Starting at the first line of the listing below, repeat each line exactly until you have repeated the one containing "You've probably heard"; skip the pictures.

*INFORMATION SUPPLIED*:
============================================================

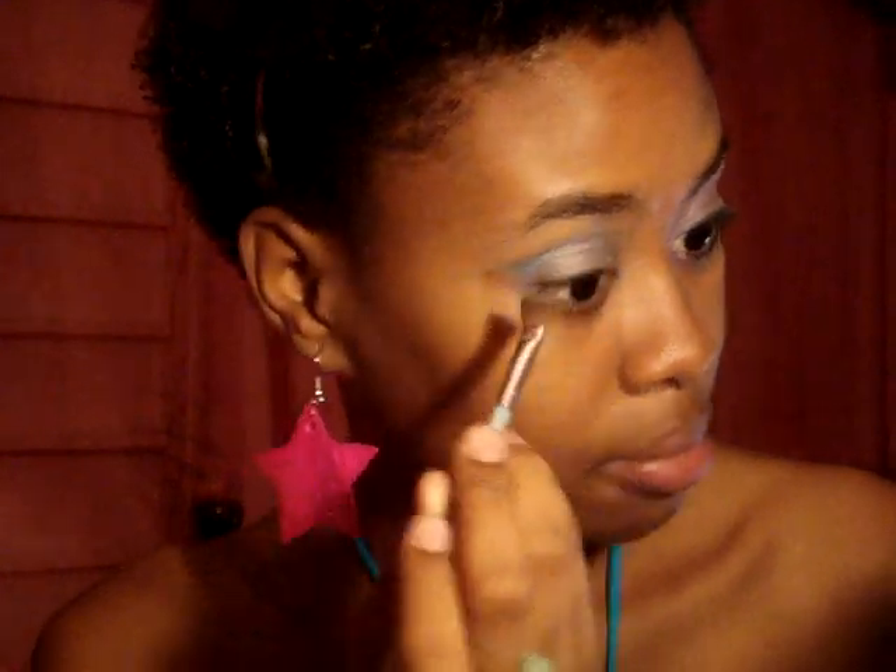So we are going in with blue. Just put a little bit on your wrist and slightly blend and keep it in. My eyes are kind of watering so I have to deal with that.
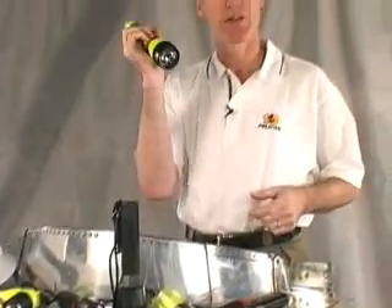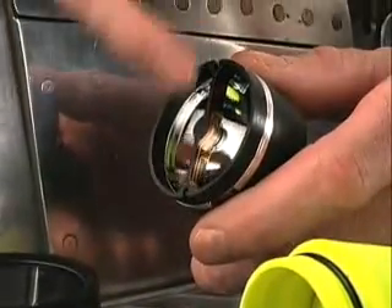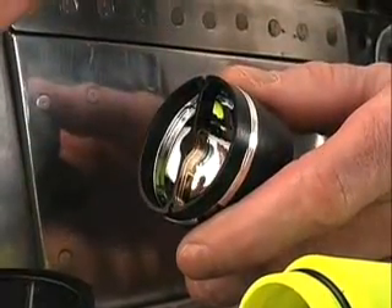You've probably heard about Pelican's patented recoil technology, but how does it work? Recoil works backwards from other flashlights. This crossbar supports the LED, which is pointed backwards into the reflector. All the light is gathered and projected forward in a collimated beam.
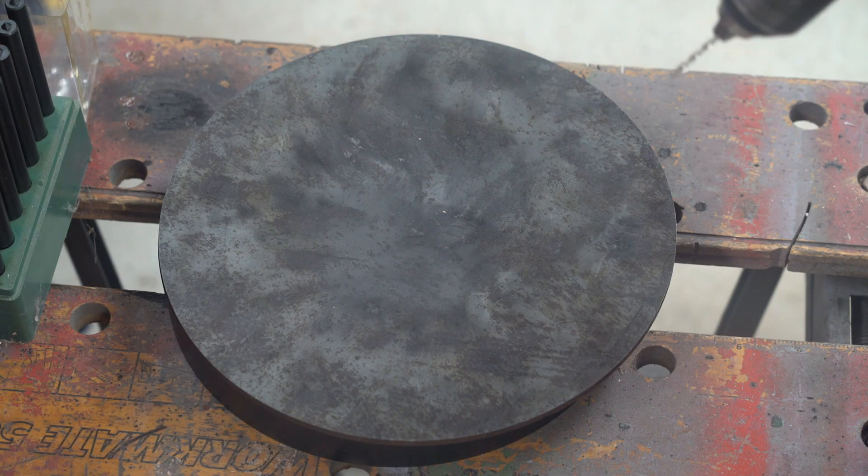Now that I've marked out where the holes should be, I'm just going to start them off on the drill before putting it in the mill to finish them off.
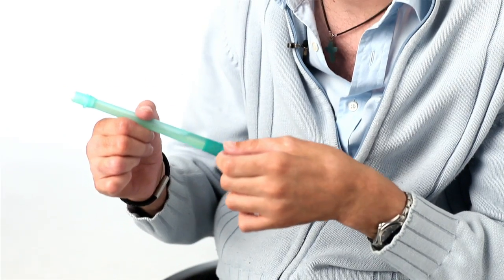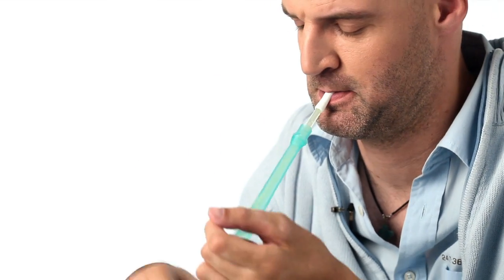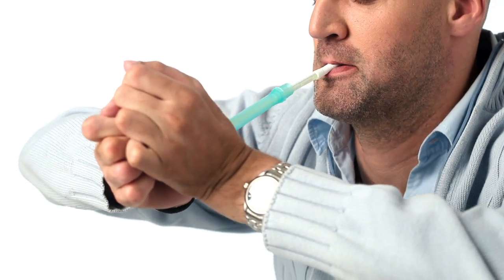Now I have to unfold the catheter and break the little string that's attached in the bottom to make sure that the catheter unfolds. Like this — as you can hear, a little snap — and now the catheter is ready for use.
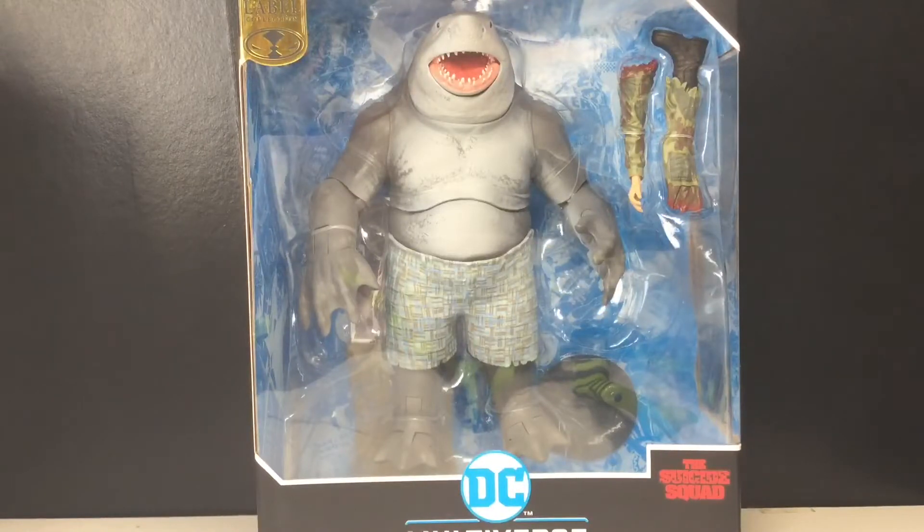Hey guys, today we're going to be taking a look at the McFarlane Toys DC Multiverse Gold Label, The Suicide Squad, King Shark.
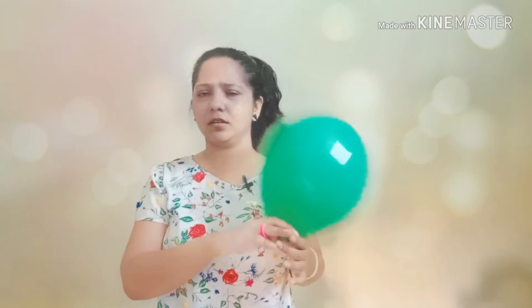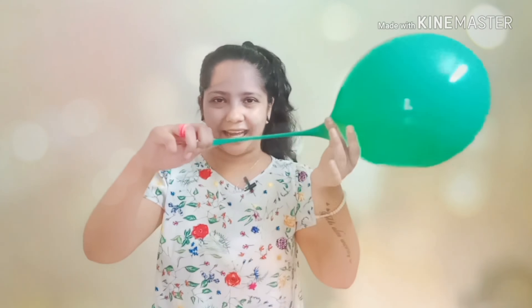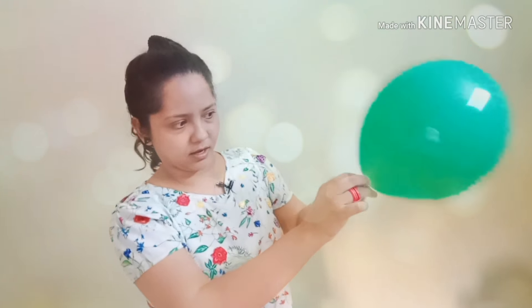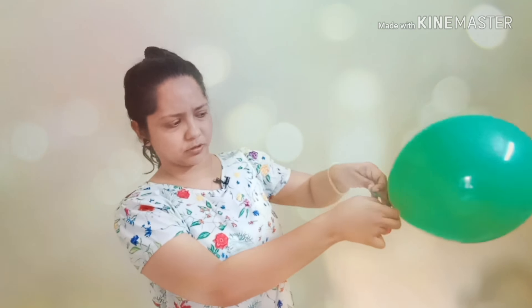It's very simple — blow up your balloon, then stretch this part, keep your fingers like this, and it's done.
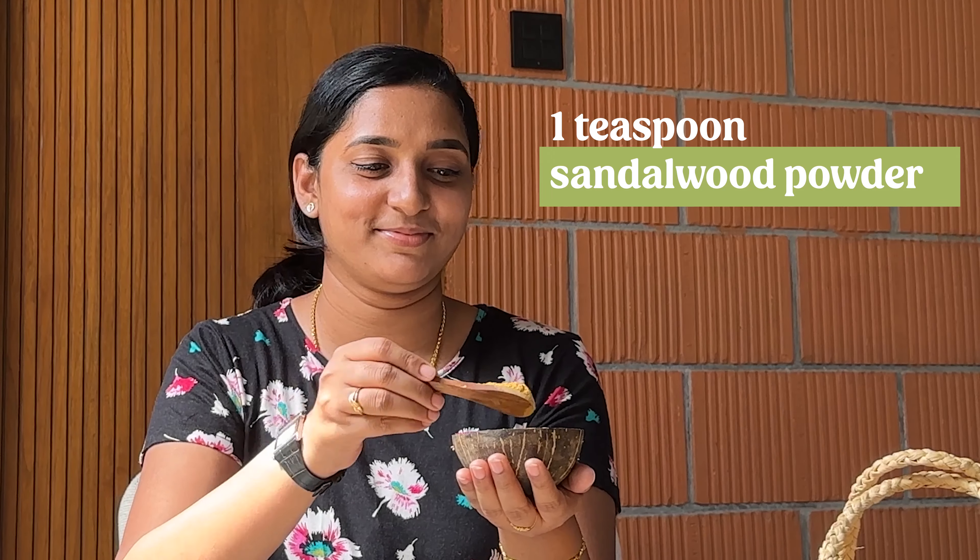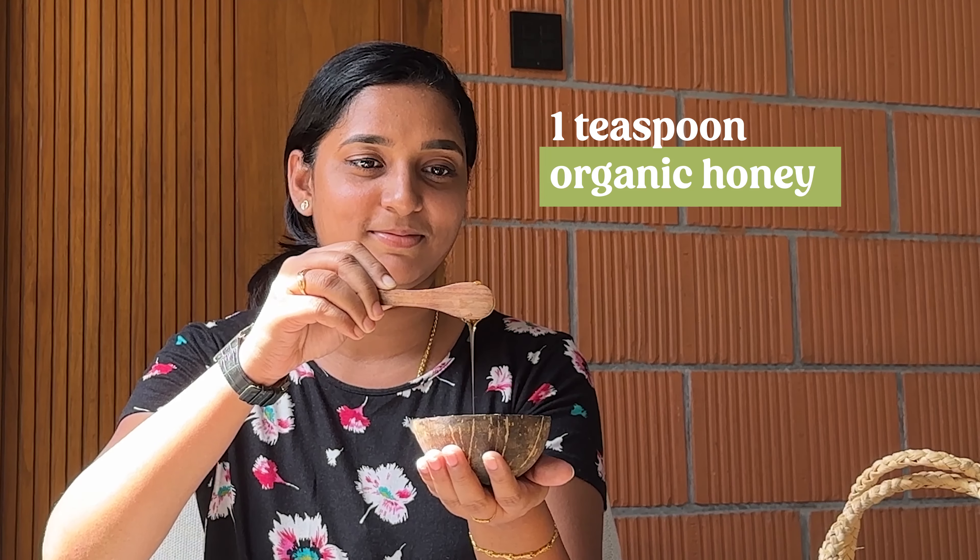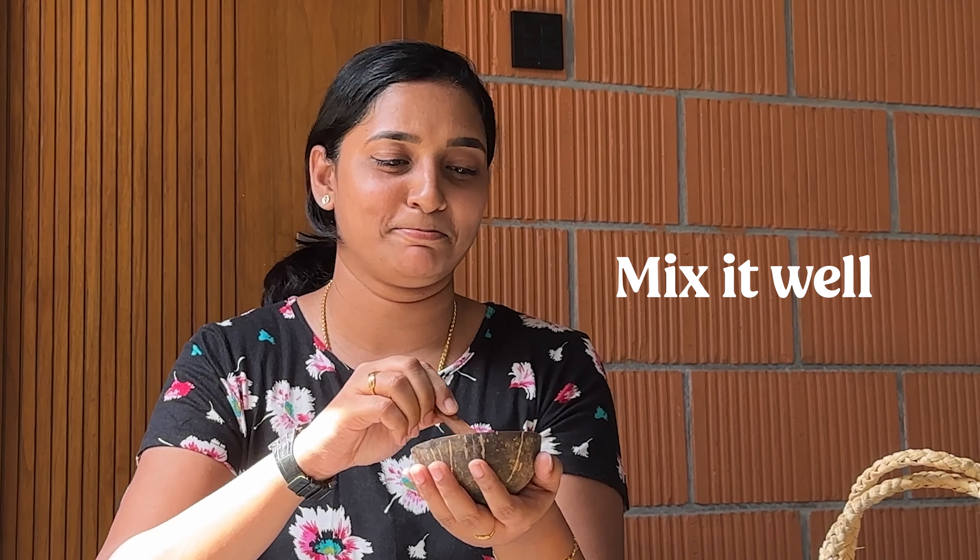Add 1 teaspoon of sandalwood powder, 1 teaspoon of coffee powder, and 1 teaspoon of organic honey. Mix it well.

============================================================

*EXERCISE OUTPUT*:
So we are going in with blue. Just put a little bit on your wrist and slightly blend and keep it in. My eyes are kind of watering so I have to deal with that.
You've probably heard about Pelican's patented recoil technology, but how does it work? Recoil works backwards from other flashlights. This crossbar supports the LED, which is pointed backwards into the reflector. All the light is gathered and projected forward in a collimated beam.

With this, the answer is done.